Sam Robinson doesn’t consider himself to be an artist, but he sure can tell a story.
“I kind of got used to asking questions and learning about things from my father,” he said. “So certainly that heritage has made it easier for me…”
The 64-year-old tour guide is one of 12 regional artists and storytellers being honored by the Rivers of Steel National Heritage Area Wednesday for their work in preserving history and culture.
Pittsburgh’s steelworkers brought their traditions to western Pennsylvania from all over the world, and Jeff Leber, vice president and chief operating officer for Rivers of Steel, said he wants to see them stay.
“We hope to carry forward for many generations these types of cultural arts and traditions that were brought over by the immigrants who came over to work in the steel mills,” he said.
Sam Robinson is what Rivers of Steel considers to be a Tradition Bearer, someone who is “recognized for their expertise and their efforts to carry, preserve, and share traditional knowledge.”
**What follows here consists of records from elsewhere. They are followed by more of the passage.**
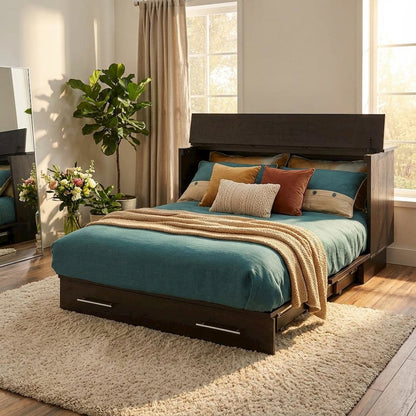 Coffee Wood Queen Size Cabinet Bed with Black Finish and Murphy Wall Design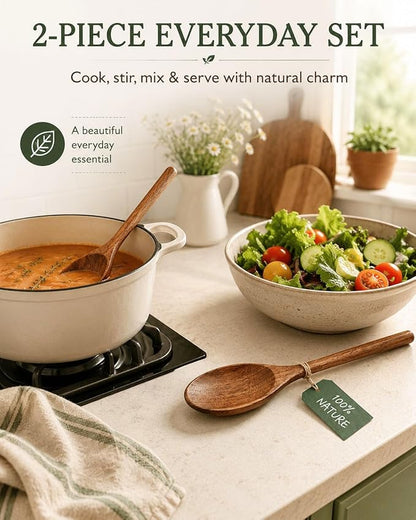 Wooden Cooking Spoons, 2-Piece Acacia Wood Kitchen Utensil Set, 12-Inch Large Mixing Spoons for Nonstick Cookware, Comfort Grip, Durable Natural Wood Spoons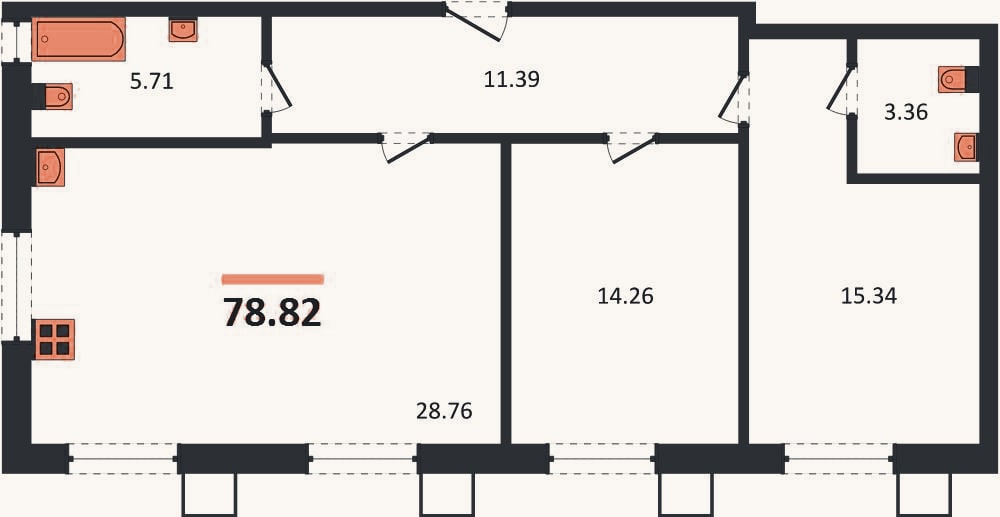 Планировка: 2-к, 78,8 м²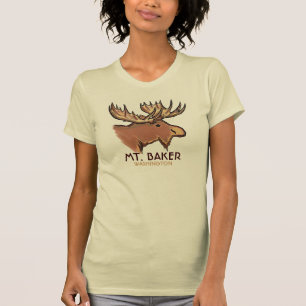 Mt. Baker Washington brown moose ladies tee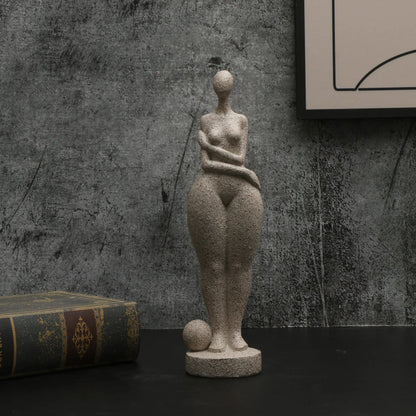 1pc, Sandstone Resin  Chubby Woman Statue  Handmade Sandstone Abstract Art Home Living Room Office Cabinet Tabletop Entryway Dec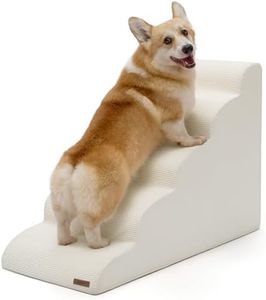 Lesure Dog Stairs for Small Dogs - Dog Ramp for Bed and Couch with CertiPUR-US Certified Foam, Pet Steps with Non-Slip Bottom for Old Cats, Injured Doggies and Puppies, Beige, 5 Steps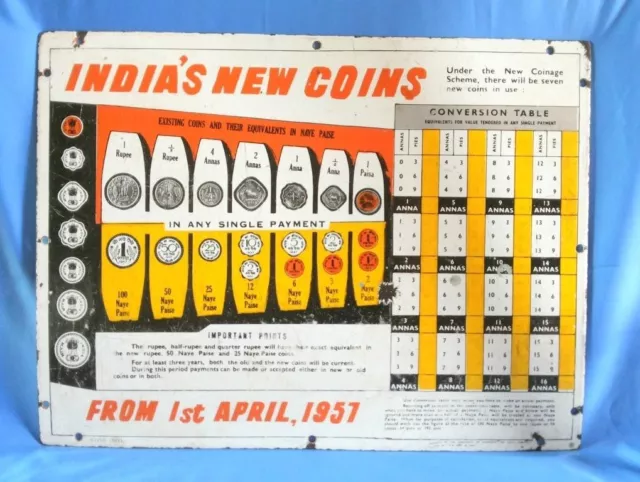 1955 Vintage Old Porcelain Enamel Money Denomination Conversion Sign Board India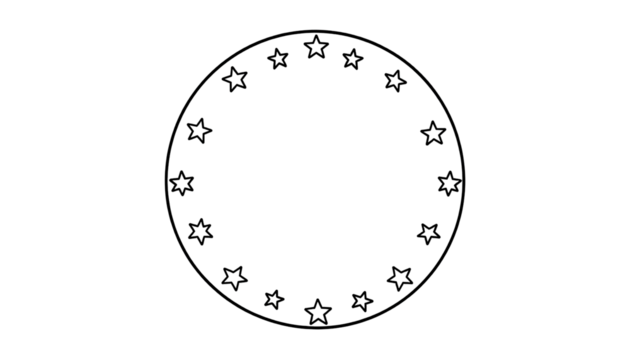 Circular graphic design with multicolored dots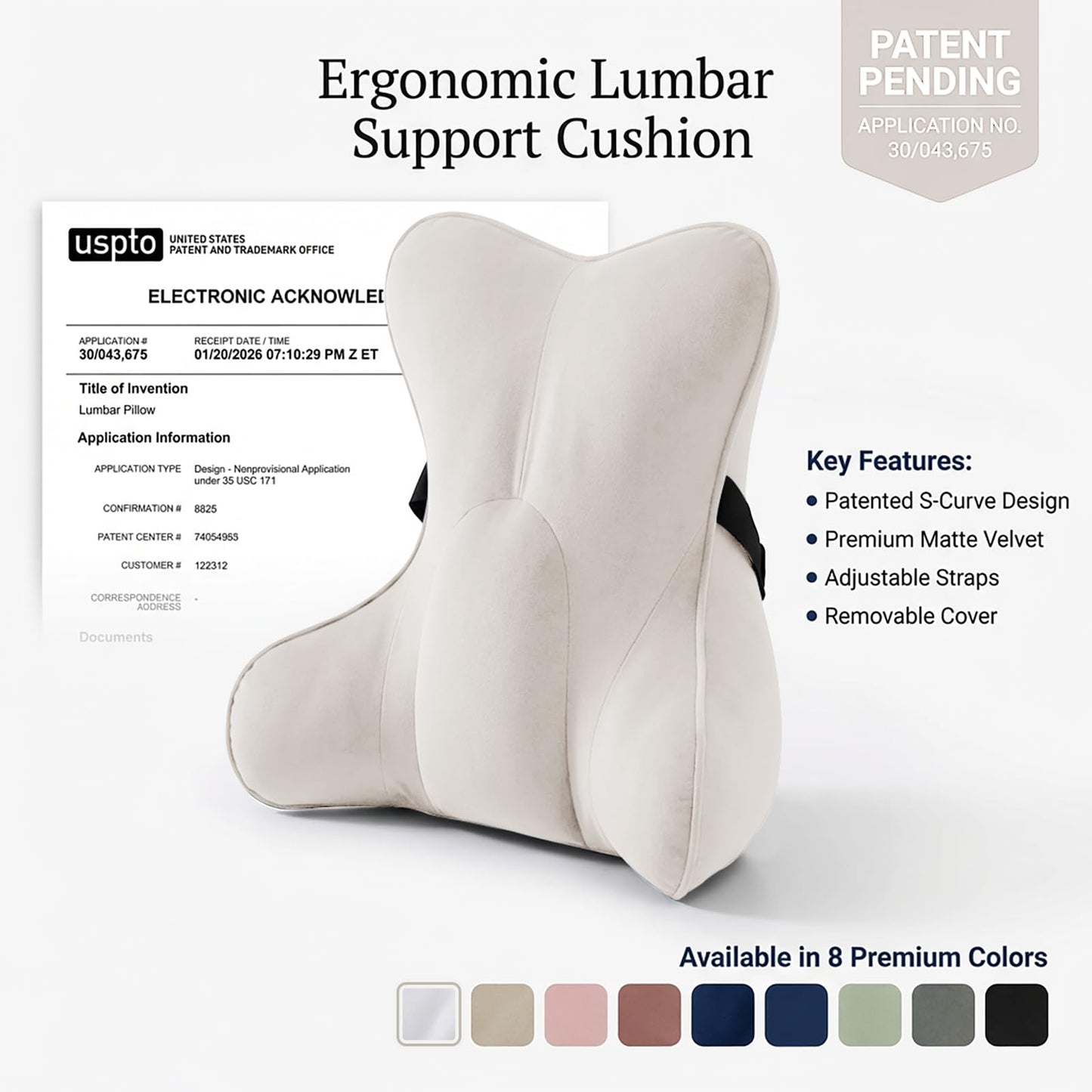Ailuteie Lumbar Support Pillow(Pat. Pend) – Multi-Functional Ergonomic Back Cushion for Sofa Chair, Car Seat & Sofa, Reading Pillow with Firm Multi-Zone Support to Relieve Lower Back Pain, Misty White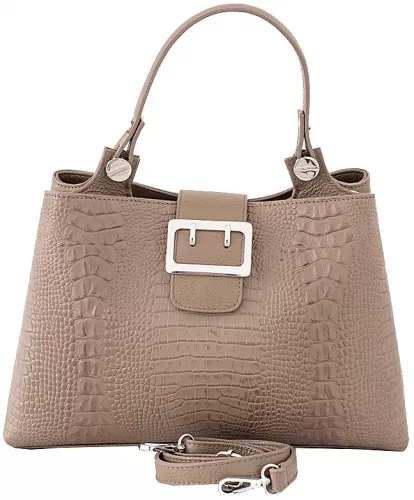 Geanta dama din piele naturala cu imprimeu croco bej P170C P170C
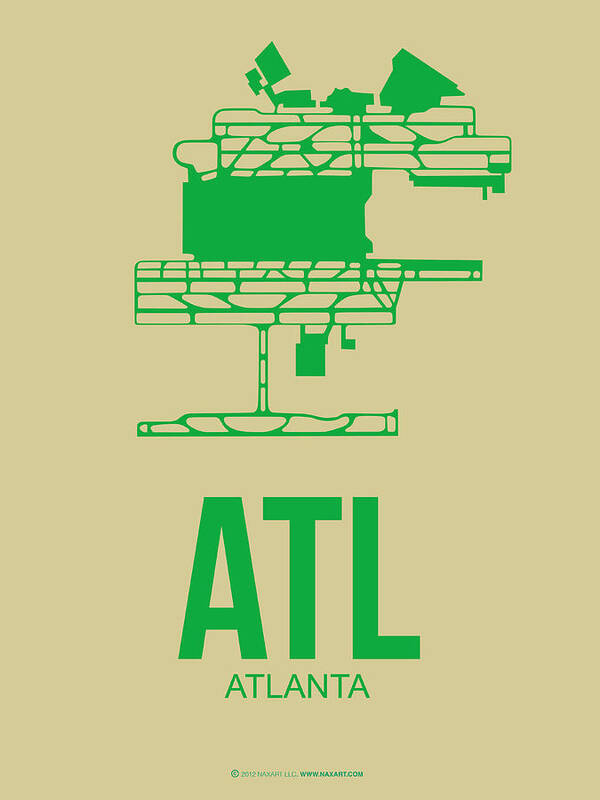 Atlanta Art Print featuring the digital art ATL Atlanta Airport Poster 1 by Naxart Studio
Robinson, a Beaver native, worked as a railroad signaler for about 15 years on the same line that serviced Pittsburgh’s then flourishing steel mills. In 2009, he started giving tours of Carrie Furnace, which produced iron for the Homestead Works from 1907 to 1978 along the Monongahela River.
Robinson said his father, an engineer, continues to be his storytelling inspiration.
“He could talk about what he did and what his company did in words that a really nontechnical person could understand,” he said, “and, I would say that I’ve probably adopted that style.”
Robinson is also a tour guide for the Duquesne Incline and the Pittsburgh Transportation Group where he highlights movies filmed around the city.
Rivers of Steel is also honoring the region’s Master Artists – those who developed their craft in their communities and are dedicated to sharing their culture with others.
“They’re doing this for the fun of it and to pass it on to their kids and other kids,” Jeff Leber of Rivers of Steel said.
Michael Kapeluck, an iconographer from Carnegie, is one such artist.
“They’re doing stuff that is everything from art forms that are purely decorative to what I do, which is actually a religious art form, and it’s great that they have this wide spectrum,” he said.
The 54-year-old started taking classes at the Carnegie Museum of Art of Pittsburgh in fourth grade and later graduated from Carnegie Mellon University’s College of Fine Arts. After working as a contemporary artist for several years, Kapeluck returned to his roots in the Ukrainian Orthodox Church.
“It just got to the point as I started investigating my actual heritage as opposed to the contemporary art I was doing; it was over a two-or three-year period of time, it just made this transition.”
Kapeluck has painted icons, or religious figures, for more than two-dozen Orthodox and Byzantine Catholic Churches in the U.S. and Canada. And, in 2005, he was the recipient of the Pennsylvania Council on the Arts Fellowship in Folk and Traditional Arts, the highest award a traditional artist can receive in the state.
Other awardees include Cathleen Bailey, George Balderose, Joe Grkman, Mimi Jong, Mac Martin, Dave Motak, Yuriy Mudrenko, Charley Rappaport and Brett Ridgeway.
All awardees will be featured on the Rivers of Steel Folk Arts Directory, an online tool for teachers to find Master Artists and Tradition Bearers in the region and bring them into the classroom.